Называть трусом человека, который открыто и смело шел на смерть, который не испугался расстрела за идею и который лучше всех, вместе взятых, так называемых вождей рабочего класса! Что теперь думают за границей? Неужели и там скажут: «Так должно быть». О нет! Господи, когда же все это изменится? Когда можно будет действительно сказать, что вся власть принадлежит народу и что у нас полное равенство и свобода? Ведь это какие-то годы инквизиции, а не социализм!

<1 января 1935>

Вот и Новый год. Еще ни один не был встречен… так странно, пожалуй, и не начинался так мучительно. Вчера я весь день была в возбужденном состоянии, нетерпеливо ждала сестер и с удовольствием помогала Ляле переставлять мебель и прибирать вещи. Мы вынесли кровать и стол из их комнаты, и стало просторно и хорошо.

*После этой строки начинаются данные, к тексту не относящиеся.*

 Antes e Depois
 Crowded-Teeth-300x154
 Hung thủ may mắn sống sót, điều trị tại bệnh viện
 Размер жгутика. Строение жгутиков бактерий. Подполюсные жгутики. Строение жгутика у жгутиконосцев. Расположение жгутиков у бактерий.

В девять часов пришли сразу все, и я не удержалась от восклицания, когда мимо меня друг за другом проходило девять человек сразу, кому-то я кивнула, кто так проходил мимо. Женька был в светло-коричневой пушистой куртке и серых хороших брюках, и я, глядя на него, все спрашивала себя, люблю ли я теперь его или нет. И сама не знала, но того острого и отрадного, пожалуй, облегчающего чувства не было, а было другое – гнетущее, тяжелое и непонятное мне. Видеть его уже не доставляло удовольствия, а только мучило.

Все танцевали, а я, забившись в угол между роялем и шкафом, перебегала взглядом с одной пары на другую и все чего-то думала, наблюдая. Первые минуты я даже забывала думать о Женьке, но потом это новое неприятное чувство совсем овладело мной, и я ловила себя на том, что, задумываясь, пристально следила за ним во время танцев и, спохватываясь, быстро отводила глаза. Он танцевал со всеми, кроме Ляли, но так весел, как раньше, уже не был. Я в этот вечер так сильно почувствовала себя одинокой, ненужной здесь и почти лишней, хотелось, чтоб кто-нибудь подошел, сказал мне два слова, хотя бы танцевать позвал. Но кому до меня здесь было дела, до глупой, маленькой и дикой девчонки?

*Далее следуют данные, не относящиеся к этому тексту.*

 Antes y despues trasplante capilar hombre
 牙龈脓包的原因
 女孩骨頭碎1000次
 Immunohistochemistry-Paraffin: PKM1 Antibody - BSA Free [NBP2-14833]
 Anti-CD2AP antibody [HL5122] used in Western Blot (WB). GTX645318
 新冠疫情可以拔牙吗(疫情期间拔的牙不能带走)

За ужином я села в конце стола, с одной стороны от меня – сестра Женя, а рядом за углом он. Как я рада была этому! Изредка поворачивая голову, взглядывала на его милый профиль и глаза, когда он иногда предлагал мне то бутерброд, то вино, мне было ужасно думать, что он это делает только из вежливости, из-за своей удивительной чуткости. И это было так больно! Случайно он пролил вино на брюки и сказал: «Нина, как вы думаете, останется пятно?» Я долго не могла понять, о чем идет речь, и бестолково смотрела ему в глаза, а поняв, пожала плечами и смущенно пробормотала, сразу отвернувшись: «Не знаю, по-моему, останется». Было стыдно и больно, близость эта начала меня мучить. От вина стало жарко и чуть-чуть ломило голову, а в груди что-то все громче ныло.